Extracting Symbolic Sequences from Visual Representations via Self-Supervised Learning
Victor Sebastian Martinez Pozos, Ivan Vladimir Meza Ruiz
TL;DR
This work investigates extracting discrete symbolic sequences from visual data using self-supervised learning, aiming to bridge continuous visual representations with symbolic reasoning. A teacher–student framework extends DINO, where a frozen ViT-based teacher guides a decoder-based student to generate and discretize symbolic tokens that can be linked to image regions through cross-attention. The study demonstrates that the generated symbolic representations capture meaningful abstraction, with interpretability supported by attention maps and compositional subsequences improving detail capture, though there are limitations in discretization and data scale.

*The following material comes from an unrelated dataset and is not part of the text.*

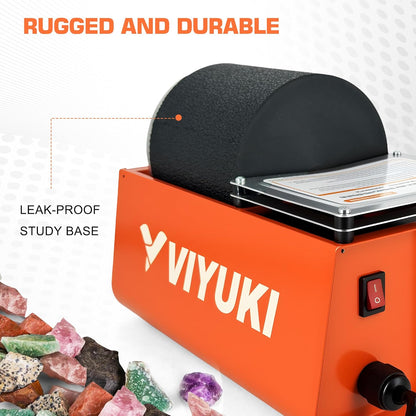 Professional Rock Tumbler Kit - Double Drum 6LB Rock Polisher(Double Barrel), Includes Rough Gemstones, 8 Polishing Grits, Jewelry, Learning Guide, Ideal Gift for Adults & Collectors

Overall, the approach lays groundwork for interpretable, high-level visual understanding via symbolic reasoning and points to scalable extensions on larger datasets and refined discretization methods.
Abstract
This paper explores the potential of abstracting complex visual information into discrete, structured symbolic sequences using self-supervised learning (SSL). Inspired by how language abstracts and organizes information to enable better reasoning and generalization, we propose a novel approach for generating symbolic representations from visual data. To learn these sequences, we extend the DINO framework to handle visual and symbolic information. Initial experiments suggest that the generated symbolic sequences capture a meaningful level of abstraction, though further refinement is required. An advantage of our method is its interpretability: the sequences are produced by a decoder transformer using cross-attention, allowing attention maps to be linked to specific symbols and offering insight into how these representations correspond to image regions. This approach lays the foundation for creating interpretable symbolic representations with potential applications in high-level scene understanding.